● DATA LISTING:
************

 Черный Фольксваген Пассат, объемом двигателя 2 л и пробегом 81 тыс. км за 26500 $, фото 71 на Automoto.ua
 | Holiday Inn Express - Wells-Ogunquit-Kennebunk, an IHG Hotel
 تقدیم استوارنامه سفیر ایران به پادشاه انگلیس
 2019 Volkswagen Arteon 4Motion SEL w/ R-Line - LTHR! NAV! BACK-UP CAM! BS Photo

************

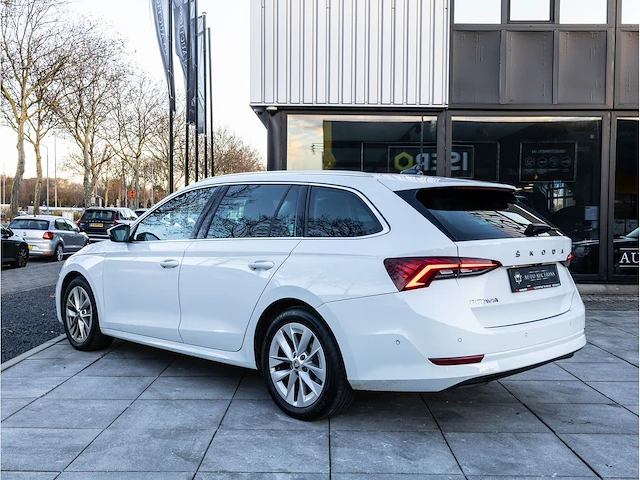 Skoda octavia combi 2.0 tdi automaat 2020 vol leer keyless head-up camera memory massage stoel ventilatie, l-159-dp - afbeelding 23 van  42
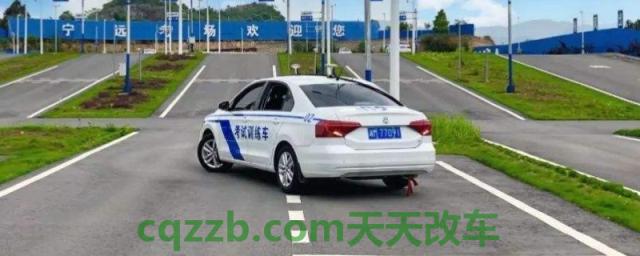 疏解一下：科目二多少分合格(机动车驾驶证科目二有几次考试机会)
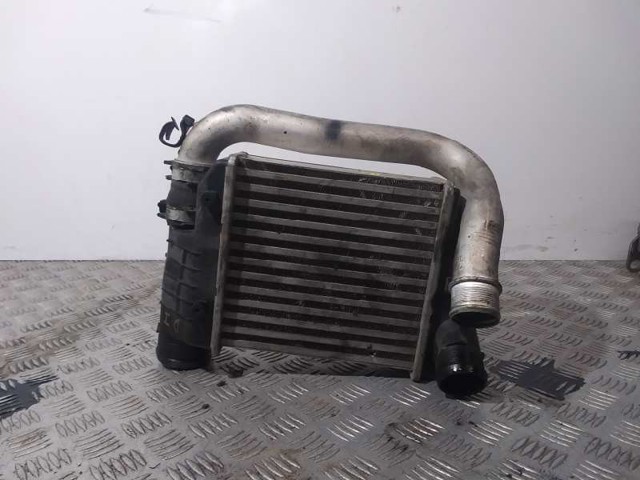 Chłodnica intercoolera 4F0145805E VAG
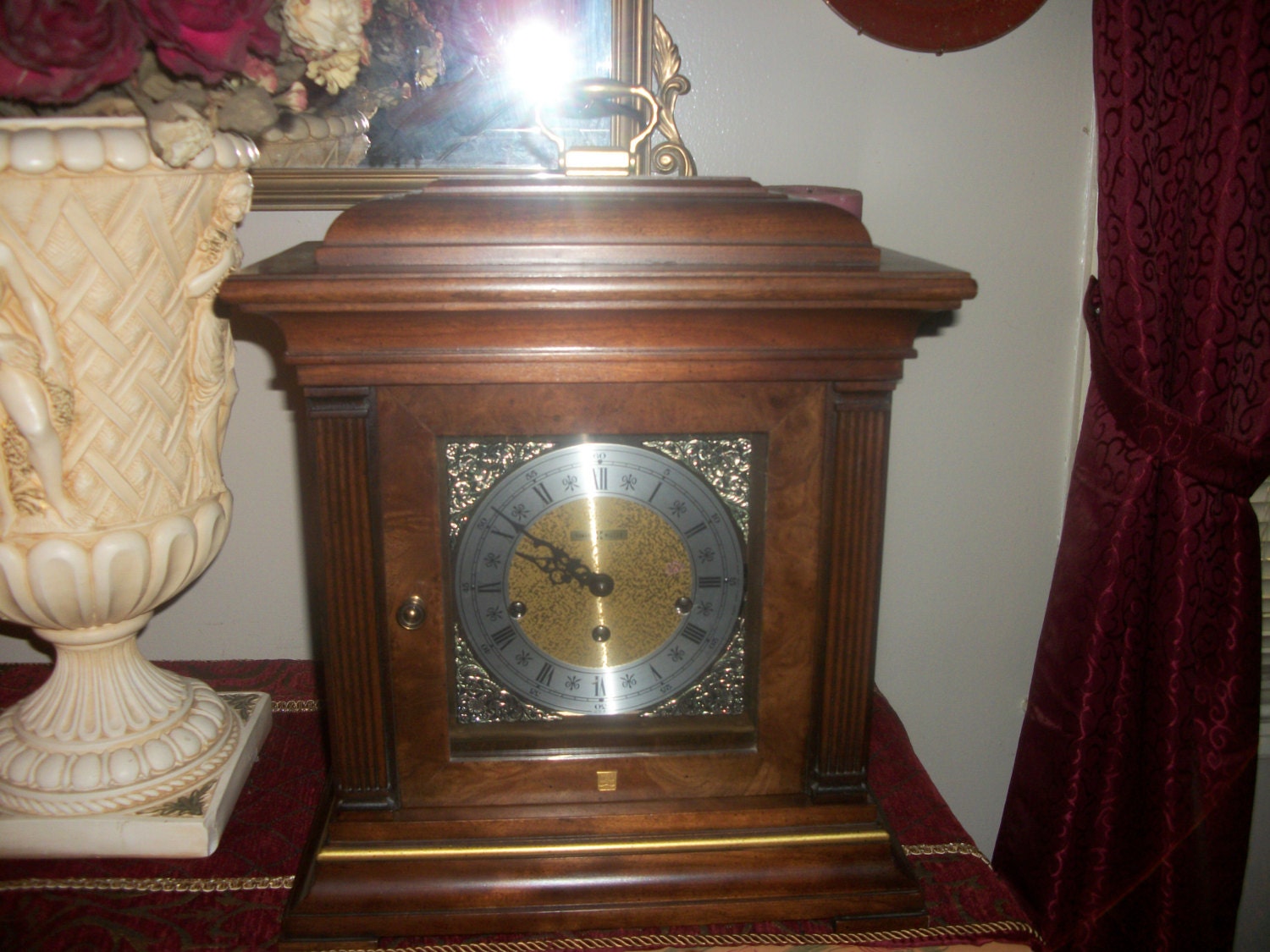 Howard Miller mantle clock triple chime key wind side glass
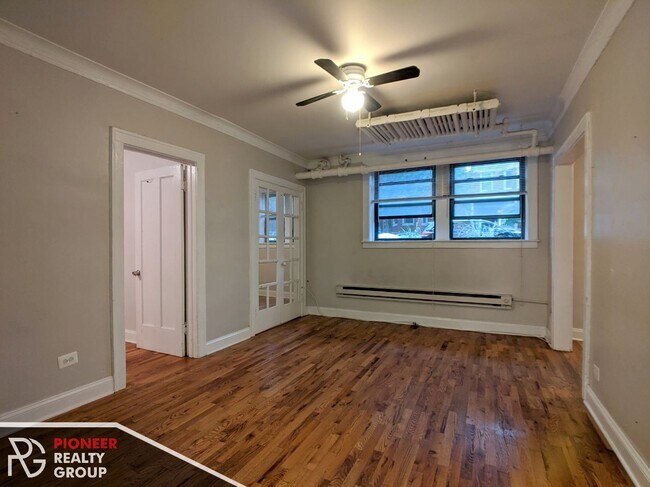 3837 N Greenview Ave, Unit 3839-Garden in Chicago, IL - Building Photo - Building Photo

************

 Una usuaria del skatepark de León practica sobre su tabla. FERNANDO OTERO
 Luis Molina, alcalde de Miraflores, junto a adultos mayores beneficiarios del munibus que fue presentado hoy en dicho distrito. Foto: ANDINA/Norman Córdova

************

● REQUIREMENT:
From the records above, give again exactly the lines running from the line with "Черный Фольксваген Пассат, объемом" to the line with "2019 Volkswagen Arteon", inclusive.

● EXPECTED OUTPUT:
 Черный Фольксваген Пассат, объемом двигателя 2 л и пробегом 81 тыс. км за 26500 $, фото 71 на Automoto.ua
 | Holiday Inn Express - Wells-Ogunquit-Kennebunk, an IHG Hotel
 تقدیم استوارنامه سفیر ایران به پادشاه انگلیس
 2019 Volkswagen Arteon 4Motion SEL w/ R-Line - LTHR! NAV! BACK-UP CAM! BS Photo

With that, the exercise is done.